Solent Freeport plan is approved by the Government

Solent Freeport plan is approved by the Government

by Charlie Hislop.

Christmas has come early to Southampton and the Solent region apparently, with the final approval by the Government of the Solent Freeport proposal. That is according to Government Minister Dehenna Davison who was in the region to make the announcement.

“This Freeport is going to give local economies a shot in the arm and unlock a new state of the art business space and create tens of thousands of highly skilled jobs.” she said. However, Labour leader Keir Starmer has said that creating Freeports as a way of stimulating economic growth and creating new jobs was a matter of ‘blind faith’, and the evidence supports his view.

The Office of Budget Responsibility, which provides an assessment of economic policy for the Government found no indication that Freeports would produce growth or new jobs. It concluded that a Freeport would simply attract investment and business from other areas that want to take advantage of the preferential tax treatment and de-regulation. Previous research into similar schemes – such as Enterprise Zones in the 1980s – found that once grants and exemptions played out, the businesses folded or moved away.

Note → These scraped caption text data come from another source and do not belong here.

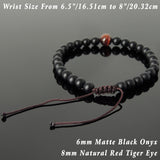 Men's Women Matte Black Onyx Red Tiger Eye Adjustable Braided Bracelet DiyNotion Handmade BR1051
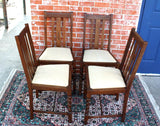 Set of 4 English Antique Oak Jacobean Barley Twist Chairs / New Upholstery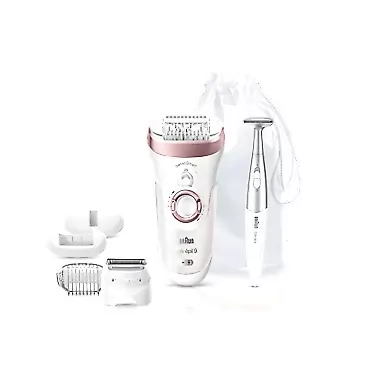 Braun Silk-épil 9 9-890 Facial Hair Removal for Women, Bikini Trimmer, Womens Shaver Wet & Dry, Cordless and 7 extras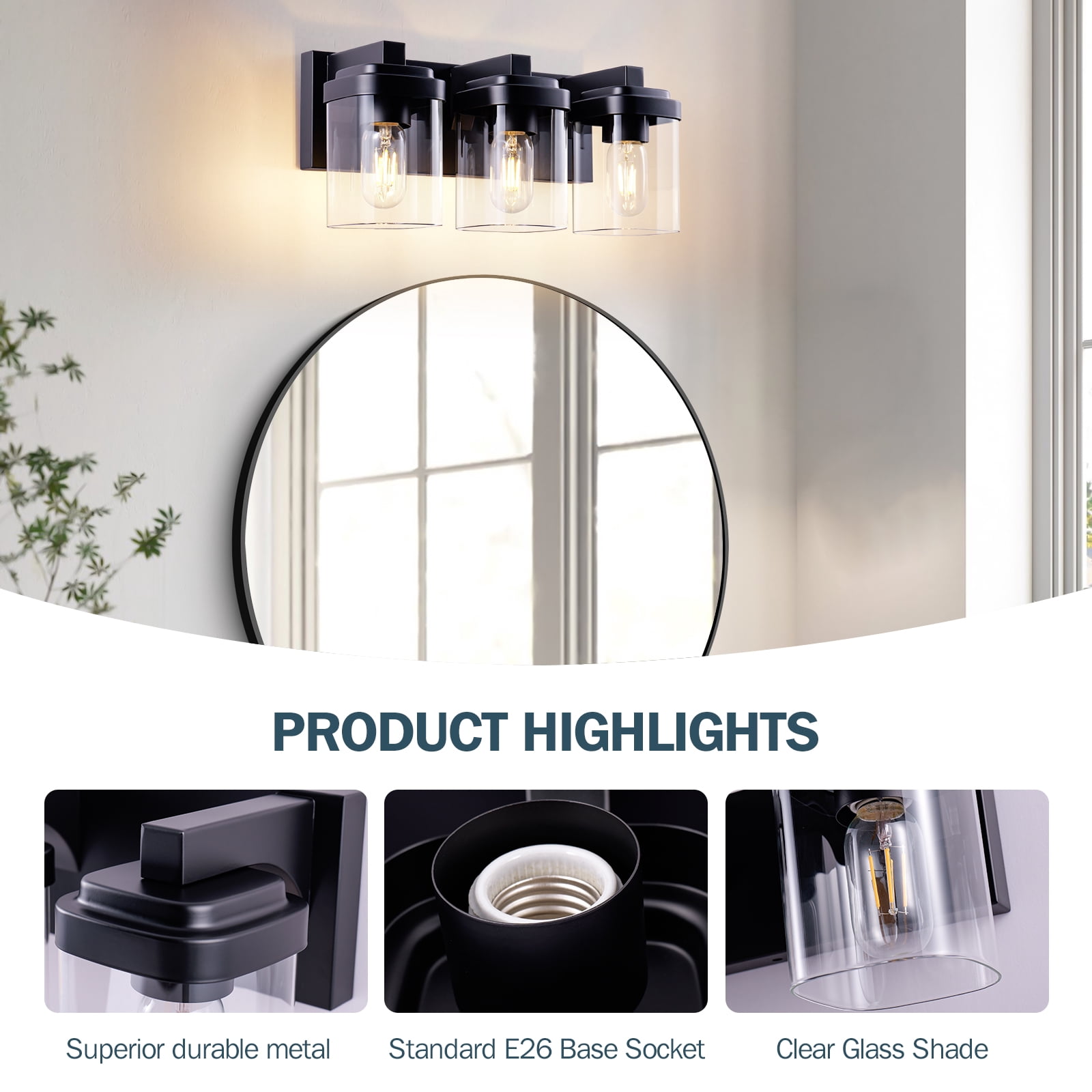 3-Light Black Bathroom Vanity Light, Modern Vanity Lighting Fixture for Bathroom, 15.75" Matte Light Fixture, Wall Sconces with Clear Glass Shade, Black Bathroom Wall Light Over Mirror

It has also been widely established that the removal of import/export restrictions and duties in freeports has been associated with increases in criminal activity and corruption. Paul Monaghan, chief executive of the Fair Tax Mark scheme, says: “These ‘sleaze ports’ are very much mini-tax havens domiciled within the UK. Where they have been introduced elsewhere they have “proved magnets for illicit financial flows and criminal activity.”

Freeports operated by DP World – the global corporation that manages Southampton’s container port and a Solent Freeport partner until earlier this year when its subsidiary P&O Ferries sacked all its cross channel workers – have been identified as hubs for contraband tobacco and breaking international sanctions against Iran.

The Freeport programme was announced by then Chancellor Rishi Sunak in his March 2021 budget. They are areas where businesses can claim tax and business rate relief, particularly on land and development; avoid import and export duties; and gain exemption from paying national insurance on new jobs. The Solent Freeport area runs along the coast from Havant and Portsmouth, through Southampton, and takes in a large part of the New Forest, and the Isle of Wight.

The immediate plans for Southampton include investment in the port itself, and new greenfield site business space development next to Southampton Airport. With local authorities involved on the Board of the Freeboard, it is not clear how council planning powers will be affected. Of particular concern is Dibden Bay, the subject of a planning inquiry in 2002 that resulted in protection of the unique natural environment following a campaign involving 25,000 local people. It is highlighted on the Freeport map amongst other development sites as the ABP Strategic Land Reserve.

Labour council leader Satvir Kaur has welcomed the Freeport on the basis that it was going to happen, it might present an opportunity, and it is better to ‘be at the table’. She says that the council has used the opportunity to promote Green growth, involve unions and ensure workers’ rights and skill development.

While local politicians and business leaders welcomed the announcement, there was total silence from anyone else. Few people know it’s happening or what it will mean for them as there has been no consultation, despite the freeport Board “working hard on it for years now.”

Solent Freeport is a private limited company, and therefore not publicly accountable. The Board of the Solent Freeport does include six local council nominees from across the region. But it also includes five private representatives  – ABP, the Airport, Solent Gateway, the Solent LEP and an independent Chair. With the wide diversity of party political and area-based rivalries among council representatives from the region it cannot be claimed that this has any democratic accountability or legitimacy.

The Freeport is a further instance of local people being removed from decisions or even consultation over things that affect their locality, lives and communities, and of private companies or unaccountable organisations taking control over areas of public life. In the City, ‘Go! Southampton’ now runs the city centre on behalf of local businesses and takes a proportion of the area’s business rates.

Business rates in a Freeport will be retained for spending in the local area, which simply restores the previous position up to the late 1980s before the then Conservative government centralised business rates as part of the retreat from the Poll Tax. With businesses campaigning strongly for Business Rates relief and the Labour Party committed to scrapping then and replacing them with a new national taxation system, this one communal benefit is likely to be short-lived.